Another person identified by Ms. Nessel in the recent investigation, an attorney named Stefanie Lambert Juntilla, helped Ms. Powell in one of the Dominion lawsuits in Michigan and later helped fight an effort by a federal judge to punish Ms Powell and other lawyers for their “historic and profound abuse of the legal process” by bringing the Dominion lawsuit.
Mr. Trump was so convinced by a report by Mr. DePerno’s allies on the Dominion machines in County Antrim that in December 2020 he told his then attorney general, William P. Barr, that it would be a key piece of evidence in helping him stay in power, according to testimony heard by the House committee investigating the Capitol riot.
In videotaped deposition shown at one of the panel’s hearings, Mr Barr called the conspiracy theories about the machines “complete nonsense” and “crazy stuff”, adding at one point that Mr Trump had “to detach from reality” if he believed them.
Ms. Nessel’s request for a special prosecutor follows a months-long investigation by her office into a referral sent by Ms. Benson, the Secretary of State, that unidentified people were granted inappropriate access to tabulation machines. and data readers used in the Township of Richfield and County Roscommon.
Ms. Nessel’s office also contacted the Michigan Attorney Grievance Commission, which reviews allegations of lawful misconduct in the state, and asked it to initiate its own investigation “based on information uncovered during the investigation into tabulators”. Such an investigation could affect Mr. DePerno’s standing as a lawyer in Michigan and potentially his ability to serve as attorney general.

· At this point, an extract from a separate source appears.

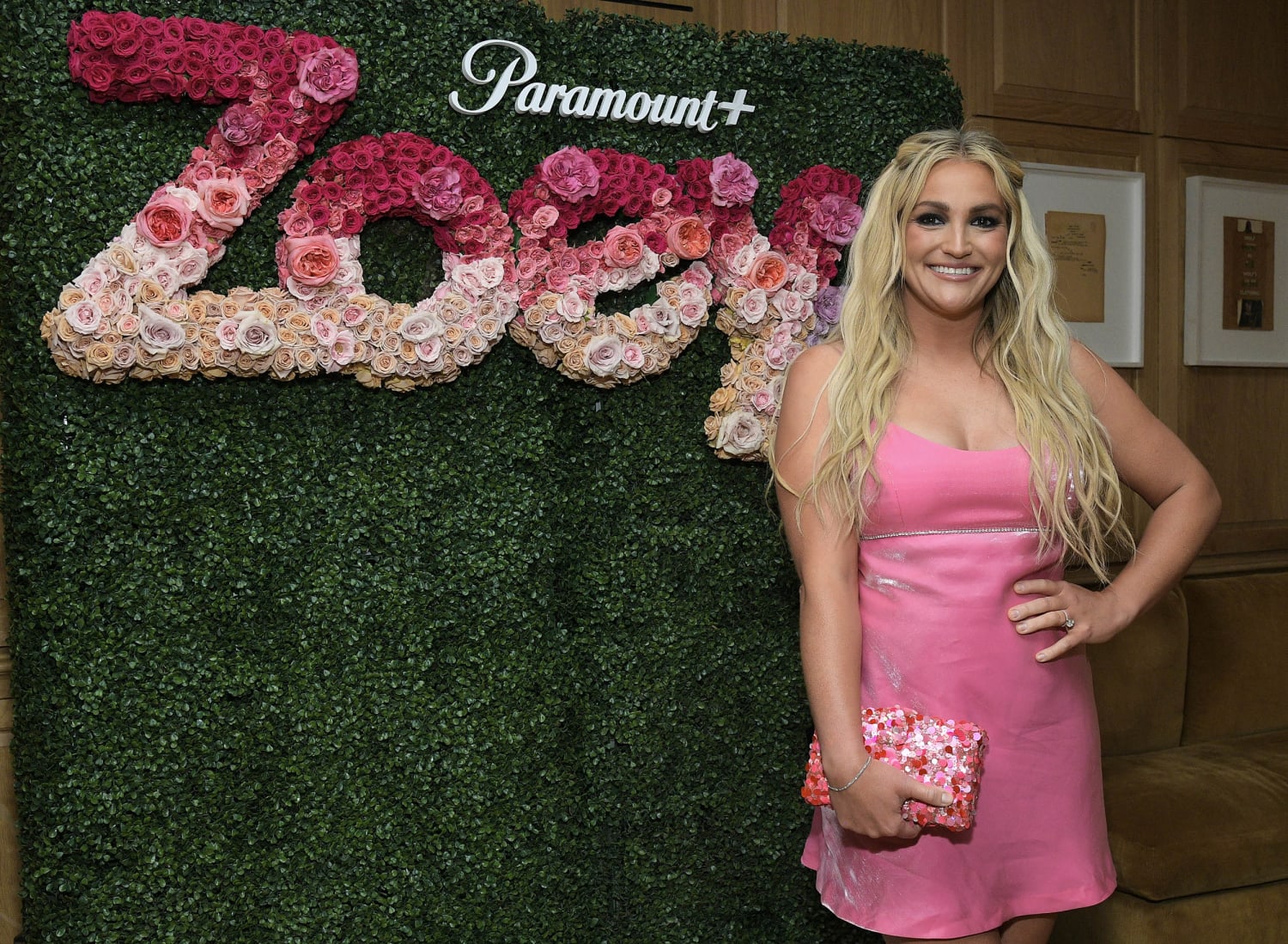 Jamie Lynn Spears' Daughter Maddie Wears Lilac Dress to Prom, image size:1500x1099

In a statement on Sunday evening, Ms Benson said she would work to educate and arm clerks with the rules regarding the security of election materials to try to protect against future violations.
“Republican, Democratic and nonpartisan election clerks in this state do their jobs with professionalism and integrity,” Ms. Benson said. “And we will continue to ensure they have a full understanding of the legal protections in place to prevent bad actors from pressuring them to access secure election systems.”